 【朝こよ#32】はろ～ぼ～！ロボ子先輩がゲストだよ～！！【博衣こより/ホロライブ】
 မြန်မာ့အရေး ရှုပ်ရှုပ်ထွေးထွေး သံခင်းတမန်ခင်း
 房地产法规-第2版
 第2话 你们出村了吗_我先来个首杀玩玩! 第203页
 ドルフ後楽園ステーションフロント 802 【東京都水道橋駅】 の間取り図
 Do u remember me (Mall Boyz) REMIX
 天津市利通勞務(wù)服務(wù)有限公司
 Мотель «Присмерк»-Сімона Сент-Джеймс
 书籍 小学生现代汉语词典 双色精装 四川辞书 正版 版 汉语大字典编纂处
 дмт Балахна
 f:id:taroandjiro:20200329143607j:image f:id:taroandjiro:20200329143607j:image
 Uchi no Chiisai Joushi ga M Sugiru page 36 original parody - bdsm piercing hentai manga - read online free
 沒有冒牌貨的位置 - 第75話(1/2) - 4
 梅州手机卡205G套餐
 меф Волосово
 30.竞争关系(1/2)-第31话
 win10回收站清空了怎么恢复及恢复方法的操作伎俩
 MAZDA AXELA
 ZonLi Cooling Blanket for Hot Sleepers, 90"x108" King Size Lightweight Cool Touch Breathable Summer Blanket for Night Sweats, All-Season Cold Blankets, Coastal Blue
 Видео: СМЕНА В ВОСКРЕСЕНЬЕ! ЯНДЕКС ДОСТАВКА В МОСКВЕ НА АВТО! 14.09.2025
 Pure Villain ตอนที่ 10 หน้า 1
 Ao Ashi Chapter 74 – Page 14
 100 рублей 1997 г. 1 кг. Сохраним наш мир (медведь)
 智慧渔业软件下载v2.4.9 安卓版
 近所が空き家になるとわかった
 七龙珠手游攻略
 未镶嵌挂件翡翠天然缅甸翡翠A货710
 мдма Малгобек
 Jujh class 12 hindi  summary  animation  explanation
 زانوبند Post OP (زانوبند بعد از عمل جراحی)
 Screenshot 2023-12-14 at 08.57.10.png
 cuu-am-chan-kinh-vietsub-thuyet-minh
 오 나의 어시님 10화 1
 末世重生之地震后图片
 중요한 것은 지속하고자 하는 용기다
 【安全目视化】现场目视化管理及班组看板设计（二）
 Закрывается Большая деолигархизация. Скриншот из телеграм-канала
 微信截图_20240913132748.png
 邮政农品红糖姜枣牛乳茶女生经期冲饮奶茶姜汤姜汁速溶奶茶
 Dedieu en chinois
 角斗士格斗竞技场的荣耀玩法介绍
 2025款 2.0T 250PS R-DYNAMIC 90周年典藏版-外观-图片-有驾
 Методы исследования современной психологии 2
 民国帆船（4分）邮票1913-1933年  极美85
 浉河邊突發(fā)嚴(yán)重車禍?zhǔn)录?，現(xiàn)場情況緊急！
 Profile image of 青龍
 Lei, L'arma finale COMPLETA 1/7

-------

Aim of the exercise:
Print, exactly as they appear above, the lines running from the one with "오 나의 어시님 10화 1" through the final line.

Answer to this task:
 오 나의 어시님 10화 1
 末世重生之地震后图片
 중요한 것은 지속하고자 하는 용기다
 【安全目视化】现场目视化管理及班组看板设计（二）
 Закрывается Большая деолигархизация. Скриншот из телеграм-канала
 微信截图_20240913132748.png
 邮政农品红糖姜枣牛乳茶女生经期冲饮奶茶姜汤姜汁速溶奶茶
 Dedieu en chinois
 角斗士格斗竞技场的荣耀玩法介绍
 2025款 2.0T 250PS R-DYNAMIC 90周年典藏版-外观-图片-有驾
 Методы исследования современной психологии 2
 民国帆船（4分）邮票1913-1933年  极美85
 浉河邊突發(fā)嚴(yán)重車禍?zhǔn)录?，現(xiàn)場情況緊急！
 Profile image of 青龍
 Lei, L'arma finale COMPLETA 1/7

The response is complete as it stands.